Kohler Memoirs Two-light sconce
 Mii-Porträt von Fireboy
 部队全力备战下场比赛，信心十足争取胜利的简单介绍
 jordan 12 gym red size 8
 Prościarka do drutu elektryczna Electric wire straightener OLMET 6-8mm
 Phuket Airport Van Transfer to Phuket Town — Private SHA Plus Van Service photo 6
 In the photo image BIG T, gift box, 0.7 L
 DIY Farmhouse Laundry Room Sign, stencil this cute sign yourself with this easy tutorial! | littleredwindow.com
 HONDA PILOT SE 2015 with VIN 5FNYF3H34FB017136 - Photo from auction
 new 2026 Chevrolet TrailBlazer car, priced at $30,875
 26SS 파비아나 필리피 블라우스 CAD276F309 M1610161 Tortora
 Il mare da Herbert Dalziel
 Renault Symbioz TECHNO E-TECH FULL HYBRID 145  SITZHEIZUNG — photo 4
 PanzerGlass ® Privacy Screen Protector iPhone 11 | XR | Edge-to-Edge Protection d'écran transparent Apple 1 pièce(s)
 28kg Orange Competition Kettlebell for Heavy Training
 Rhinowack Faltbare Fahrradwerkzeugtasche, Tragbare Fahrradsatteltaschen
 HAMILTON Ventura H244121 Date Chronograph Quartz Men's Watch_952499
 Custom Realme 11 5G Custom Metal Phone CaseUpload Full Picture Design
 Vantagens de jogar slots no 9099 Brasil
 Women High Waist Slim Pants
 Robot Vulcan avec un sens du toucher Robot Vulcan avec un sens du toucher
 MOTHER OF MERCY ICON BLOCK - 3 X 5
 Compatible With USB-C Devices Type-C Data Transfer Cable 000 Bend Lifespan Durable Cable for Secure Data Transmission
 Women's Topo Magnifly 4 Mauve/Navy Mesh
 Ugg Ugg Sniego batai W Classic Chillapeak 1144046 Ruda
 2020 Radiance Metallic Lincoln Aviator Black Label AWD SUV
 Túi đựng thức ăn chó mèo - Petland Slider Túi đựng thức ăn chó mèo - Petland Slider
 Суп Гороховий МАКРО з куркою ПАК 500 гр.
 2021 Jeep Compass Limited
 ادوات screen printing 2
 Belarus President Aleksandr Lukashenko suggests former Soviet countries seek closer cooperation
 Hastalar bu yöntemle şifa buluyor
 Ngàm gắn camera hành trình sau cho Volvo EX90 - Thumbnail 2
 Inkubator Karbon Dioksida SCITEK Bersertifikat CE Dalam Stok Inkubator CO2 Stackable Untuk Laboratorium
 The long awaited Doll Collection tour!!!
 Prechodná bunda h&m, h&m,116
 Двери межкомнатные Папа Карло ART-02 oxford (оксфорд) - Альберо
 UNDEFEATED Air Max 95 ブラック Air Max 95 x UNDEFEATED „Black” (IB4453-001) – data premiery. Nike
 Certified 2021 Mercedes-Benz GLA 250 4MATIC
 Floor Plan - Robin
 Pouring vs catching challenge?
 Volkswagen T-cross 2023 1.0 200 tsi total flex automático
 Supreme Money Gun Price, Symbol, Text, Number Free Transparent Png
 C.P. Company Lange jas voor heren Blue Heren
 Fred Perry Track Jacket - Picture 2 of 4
┄┄┄┄┄┄
Copy the lines from the one with "Certified 2021 Mercedes-Benz GLA 250 4MATIC" through the last line of the material above, exactly as they are and with no others.

Task response -
 Certified 2021 Mercedes-Benz GLA 250 4MATIC
 Floor Plan - Robin
 Pouring vs catching challenge?
 Volkswagen T-cross 2023 1.0 200 tsi total flex automático
 Supreme Money Gun Price, Symbol, Text, Number Free Transparent Png
 C.P. Company Lange jas voor heren Blue Heren
 Fred Perry Track Jacket - Picture 2 of 4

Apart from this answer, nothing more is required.